Сергей Кара-Мурза - Неполадки в русском доме
В практическом плане такое разделение культурного «тела» России конца ХХ века – технократическая утопия, которая при последовательной реализации неминуемо привела бы к истребительному столкновению этих двух «рас» с уничтожением «цивилизованного меньшинства». Но мы здесь говорим о проекте сдвига России из СССР на периферию капитализма не в практическом плане, а как об интеллектуальной конструкции, которая строилась в умах интеллигенции. Это – отнюдь не тривиальная вещь, и уж теперь-то, через 15 лет, можно было бы ожидать от образованного слоя рефлексии. Этой рефлексии, однако, нет – придется вести наш анализ со скрипом, преодолевая внутреннее сопротивление.
Можно предположить, что в результате общего повреждения логики в уме интеллигента возникло невысказанное успокаивающее представление, что если лишить большинство доступа к культурным продуктам и перераспределить сэкономленные средства, это не скажется на культуре в целом. Мол, народ одичает и перестанет быть народом, но в нашем квартале ничего не изменится – и мы так же, как и раньше, будем ходить на концерты Гершвина и Рахманинова. Это представление опиралось на два, строго говоря, несовместимых довода, которые мы рассмотрим по отдельности.
Во-первых, интеллигенция категорически не желала предвидеть и не желает видеть даже сегодня тот процесс, который с неизбежностью должен был произойти (и происходит) при переходе России в разряд стран периферийного капитализма. Это – процесс архаизации жизни и хозяйственной деятельности той части населения, которая выбрасывается из цивилизации. В России это большинство населения.

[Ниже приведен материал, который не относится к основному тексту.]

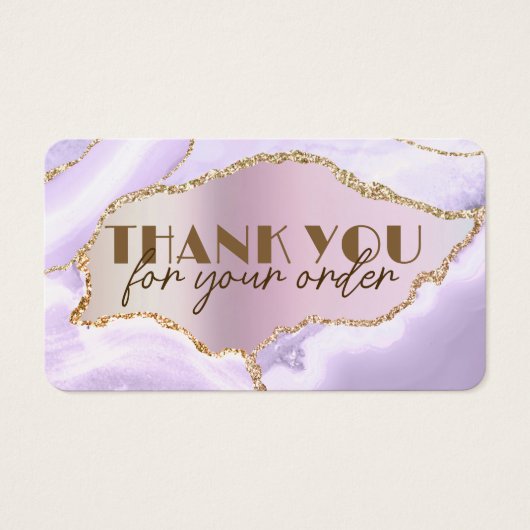 Lavendel agate Imitate Perlfoliendiskontkarte (Vorderseite)
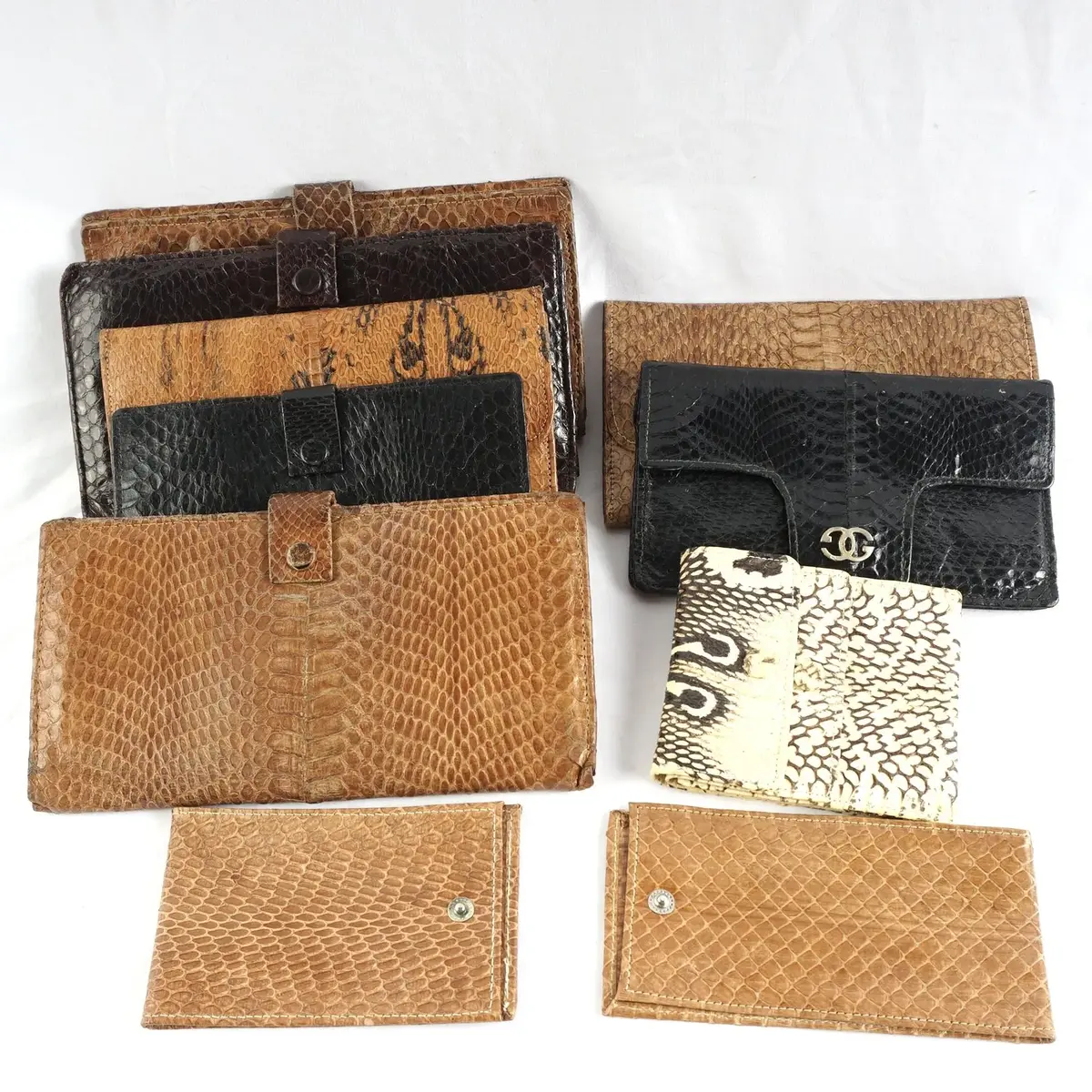 8 Genuine Snakeskin Clutches And Wallets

Нежелание видеть это поражает своей безответственностью. Ведь очевидно, что если при спаде производства вдвое одновременно происходит резкое перераспределение доходов в пользу небольшого меньшинства, то образ жизни большинства, у которого ресурсы изымаются, не может не измениться. В каком же направлении он должен был измениться? Только в сторону огрубления и примитивизации, а после некоторого критического порога – и в сторону архаизации, с качественным скачком «вниз».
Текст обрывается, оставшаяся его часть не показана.